In Japan, Madai is prized for its flavor but also its history, as Madai has been eaten since the Jomon period, with Madai bones being found at archeological sites. Traditionally, Madai is even eaten during the New Year’s Celebration and even weddings. There is even a festival in Toyohama, Aichi Prefecture, held every July called the Tai-Matsuri (鯛祭り) or Sea Bream festival, where huge Madai structures are made by each ward of Aichi Prefecture from bamboo and cloth and carried into the sea to pray for maritime safety and an abundant catch.
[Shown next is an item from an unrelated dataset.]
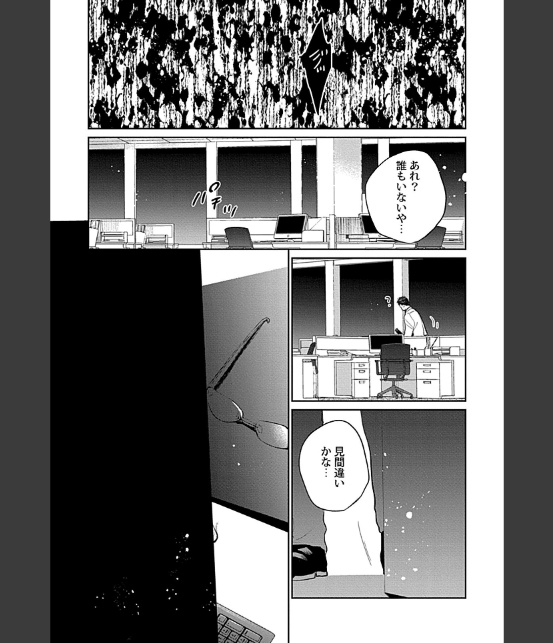 こいつに抱かれなきゃ腹ペコで死ぬらしい〜成り代わりインキュバスの魔王返上計画〜【R18単行本版】-7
In terms of bone structure, there are 9 bone structures found in Madai that were celebrated as unique to Madai during the Edo period. These bones were known as the 9 bone tools (鯛の九つ道具) due to their resemblance to building tools. The most famous illustration of this is probably from Okukura Tatsuyuki’s (奥倉辰行) book, Suizoku Sashin (水族写真) which was published towards the end of the Edo period in 1857, two years before his death. Okukura himself was just an owner of a grocery store in the Kanda Tacho district of Edo (江戸神田多町), but his works showing his extremely in-depth knowledge of fish during that time.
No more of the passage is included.